CSCI 241 - A2

Scott Wehrwein

Spring 2022

Overview

You are provided with a partial implementation of a Binary Search tree in AVL.java. Your task will be to complete this implementation and turn the BST into an AVL tree by maintaining the AVL balance property on insertion. You will use this AVL tree to efficiently count the number of unique lines in a text document.

Putting elements into a set is one way to find how many unique items are in the set. Though we aren’t using the name, you’ll notice that our AVL tree is implementing the Set ADT here, storing a set of Strings with no duplicates allowed.

Getting Started

The Github Classroom invitation link for this assignment is in Assignment 2 on Canvas. Begin by accepting the invitation and cloning a local working copy of your repository as you did in Assignment 1. Make sure to clone it somewhere outside the local working copies for other assignments and labs (e.g., clone to ~/csci241/a2) to avoid nesting local repositories.

Main Program

The main program is found in Unique.java. This program takes two command line arguments: a mode and the name of a text file. The mode is either naive or avl (it defaults to avl if anything other than those two is given). The program reads lines from the text file one by one and prints the number of unique lines. A naive \(O(n^2)\) solution is already implemented for you in naiveUnique. Your job is to implement the avlUnique method such that it counts the number of unique lines in the file in \(O(n \log n)\). To do this, you’ll complete the AVL tree implementation in AVL.java.

Two sample text files are provided to demo the difference between the naive and efficient solutions. prefixes.txt contains the first 5 characters of each word in a large list of English words (you can find a similar one on the lab systems at /usr/share/dict/american-english). prefixes_small.txt contains the first 50,000 lines of that file. On my laptop, the naive implementation takes around 26 seconds on the complete file and about 3 seconds for the small file. The efficient implementation takes a second or less on either file, thanks to its \(O(n \log n)\) runtime.

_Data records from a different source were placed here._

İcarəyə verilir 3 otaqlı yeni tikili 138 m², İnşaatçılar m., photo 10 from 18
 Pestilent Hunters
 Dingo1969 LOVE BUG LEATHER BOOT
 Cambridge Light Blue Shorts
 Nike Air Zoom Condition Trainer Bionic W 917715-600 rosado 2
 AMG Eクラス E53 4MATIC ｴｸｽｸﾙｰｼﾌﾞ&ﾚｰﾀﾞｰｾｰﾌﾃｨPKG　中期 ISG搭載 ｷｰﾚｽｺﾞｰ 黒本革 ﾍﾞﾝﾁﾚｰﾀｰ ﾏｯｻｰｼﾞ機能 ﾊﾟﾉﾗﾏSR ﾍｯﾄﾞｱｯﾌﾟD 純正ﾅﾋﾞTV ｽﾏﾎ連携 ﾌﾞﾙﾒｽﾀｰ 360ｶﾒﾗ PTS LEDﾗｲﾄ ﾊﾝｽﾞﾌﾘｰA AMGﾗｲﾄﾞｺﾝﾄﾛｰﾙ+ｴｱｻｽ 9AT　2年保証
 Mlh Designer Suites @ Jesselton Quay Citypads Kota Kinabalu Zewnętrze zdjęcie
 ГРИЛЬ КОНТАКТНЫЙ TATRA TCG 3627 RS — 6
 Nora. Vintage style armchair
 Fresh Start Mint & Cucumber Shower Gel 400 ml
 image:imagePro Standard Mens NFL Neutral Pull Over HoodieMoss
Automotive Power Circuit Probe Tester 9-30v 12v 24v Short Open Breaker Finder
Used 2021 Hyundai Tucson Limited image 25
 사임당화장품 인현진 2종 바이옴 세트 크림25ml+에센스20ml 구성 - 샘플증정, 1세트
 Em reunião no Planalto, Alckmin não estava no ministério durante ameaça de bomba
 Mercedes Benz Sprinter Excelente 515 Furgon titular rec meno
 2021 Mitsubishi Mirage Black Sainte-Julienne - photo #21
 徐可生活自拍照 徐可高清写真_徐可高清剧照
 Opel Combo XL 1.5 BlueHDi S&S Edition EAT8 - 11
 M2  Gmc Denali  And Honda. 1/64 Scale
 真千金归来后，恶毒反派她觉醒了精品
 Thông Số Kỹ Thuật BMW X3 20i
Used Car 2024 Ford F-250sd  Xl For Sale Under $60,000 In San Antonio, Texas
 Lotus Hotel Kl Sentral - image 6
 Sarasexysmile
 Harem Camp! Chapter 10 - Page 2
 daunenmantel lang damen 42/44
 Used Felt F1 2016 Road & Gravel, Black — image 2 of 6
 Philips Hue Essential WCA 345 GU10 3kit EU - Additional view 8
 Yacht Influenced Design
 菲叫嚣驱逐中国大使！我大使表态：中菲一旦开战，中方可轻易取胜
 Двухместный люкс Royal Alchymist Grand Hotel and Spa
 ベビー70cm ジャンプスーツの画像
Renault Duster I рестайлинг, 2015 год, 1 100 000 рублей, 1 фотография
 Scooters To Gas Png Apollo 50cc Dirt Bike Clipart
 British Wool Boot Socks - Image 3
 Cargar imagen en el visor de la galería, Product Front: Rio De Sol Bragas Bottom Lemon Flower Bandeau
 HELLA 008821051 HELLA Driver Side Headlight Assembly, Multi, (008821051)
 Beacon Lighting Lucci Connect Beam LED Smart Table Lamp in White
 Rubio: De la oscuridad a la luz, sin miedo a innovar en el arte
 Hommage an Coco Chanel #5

$ gradle run --args "avl prefixes.txt"
> Task :compileJava UP-TO-DATE
> Task :processResources NO-SOURCE
> Task :classes UP-TO-DATE

> Task :run
Finding unique lines in prefixes.txt
prefixes.txt
AVL:
65137

BUILD SUCCESSFUL in 1s
2 actionable tasks: 1 executed, 1 up-to-date

$ gradle run --args "naive prefixes.txt"
> Task :compileJava UP-TO-DATE
> Task :processResources NO-SOURCE
> Task :classes UP-TO-DATE

> Task :run
Finding unique lines in prefixes.txt
Naive:
65137

BUILD SUCCESSFUL in 26s
2 actionable tasks: 1 executed, 1 up-to-date
$

Your Tasks

Skeleton code is provided in your repository. The AVL class in app/src/main/java/avl/AVL.java currently implements the search functionality for a BST.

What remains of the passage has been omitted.